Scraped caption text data

※

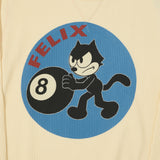 TOYS McCOY Felix '8 Ball' Thermal Sweatshirt - Natural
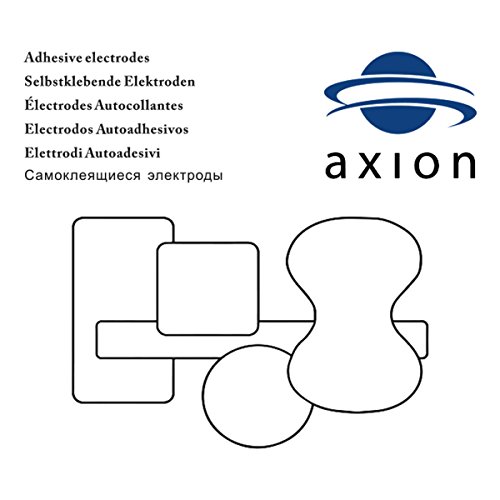 Electrodos pies para VITALCONTROL - 2 Calcetines (40-44) + 4 electrodos - para electroestimuladores conexión de botón 3,5mm - almohadillas calidad axion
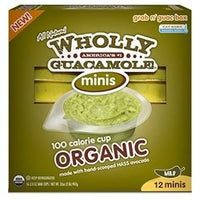 Thumbnail for Image of Wholly Guacamole Organic Minis 12-Pack - 12 x 57 Grams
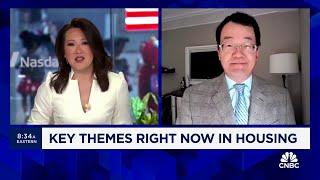 The new normal for mortgage rates will be around 6%, says NAR’s Lawrence Yun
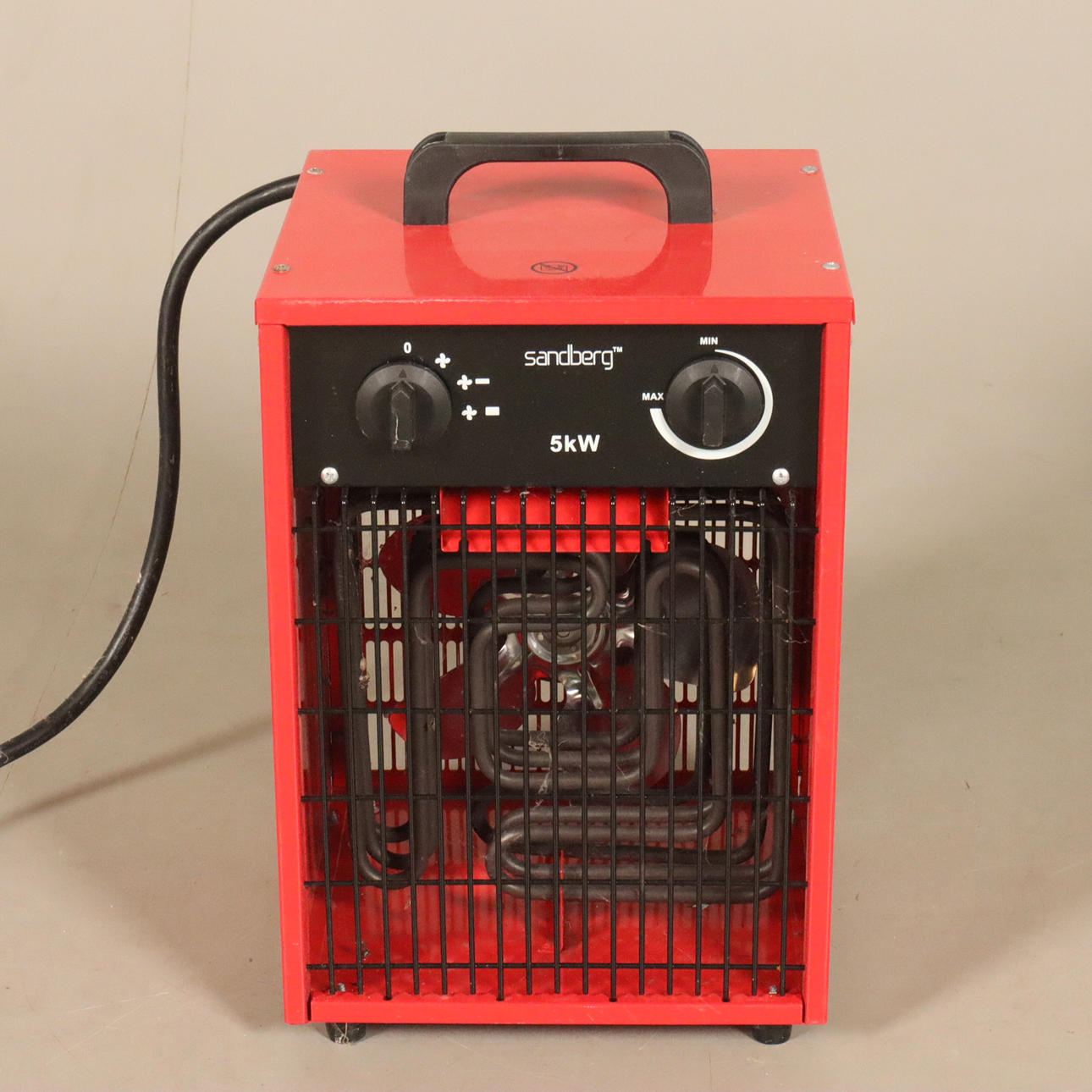 VENTILADOR DE CALEFACCIÓN PARA EDIFICIOS, Sandberg.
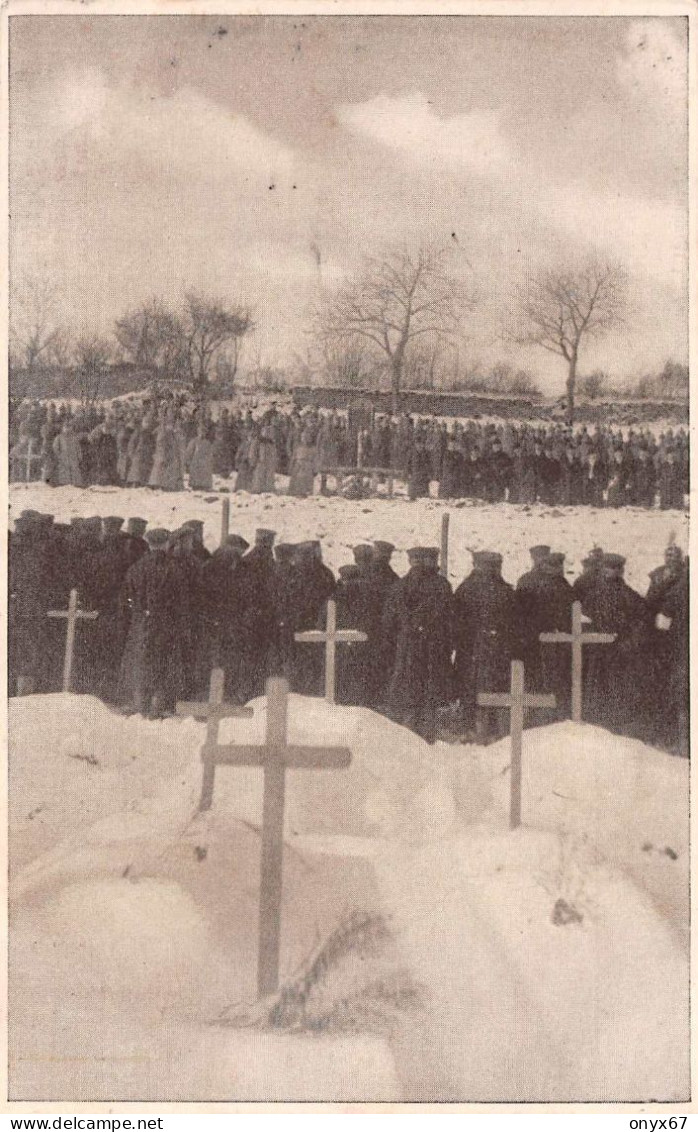 LORQUIN-LÖRCHINGEN-57-Moselle-Cimetière-Heidengräber-Friedhof-Kaisergeburtstagsfeier-Schlacht Bei Saarburg-Guerre 14/18 - Lorquin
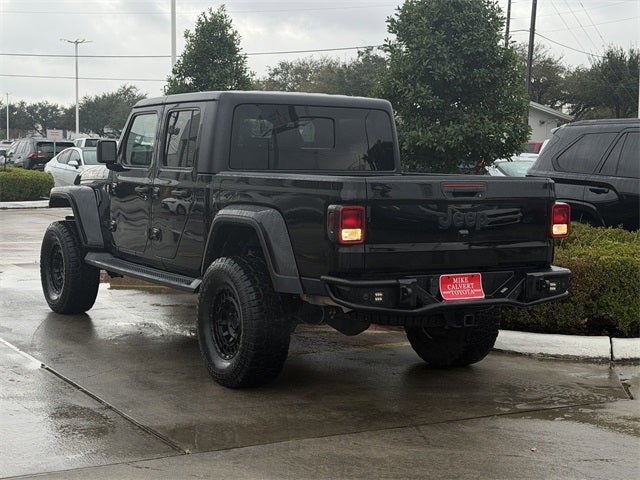 2022 Jeep Gladiator Sport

※

**TASK TO CARRY OUT**
Repeat every record above exactly. The pictures do not belong in the copy.

**SOLUTION FOR THIS TASK**
 TOYS McCOY Felix '8 Ball' Thermal Sweatshirt - Natural
 Electrodos pies para VITALCONTROL - 2 Calcetines (40-44) + 4 electrodos - para electroestimuladores conexión de botón 3,5mm - almohadillas calidad axion
 Thumbnail for Image of Wholly Guacamole Organic Minis 12-Pack - 12 x 57 Grams
 The new normal for mortgage rates will be around 6%, says NAR’s Lawrence Yun
 VENTILADOR DE CALEFACCIÓN PARA EDIFICIOS, Sandberg.
 LORQUIN-LÖRCHINGEN-57-Moselle-Cimetière-Heidengräber-Friedhof-Kaisergeburtstagsfeier-Schlacht Bei Saarburg-Guerre 14/18 - Lorquin
 2022 Jeep Gladiator Sport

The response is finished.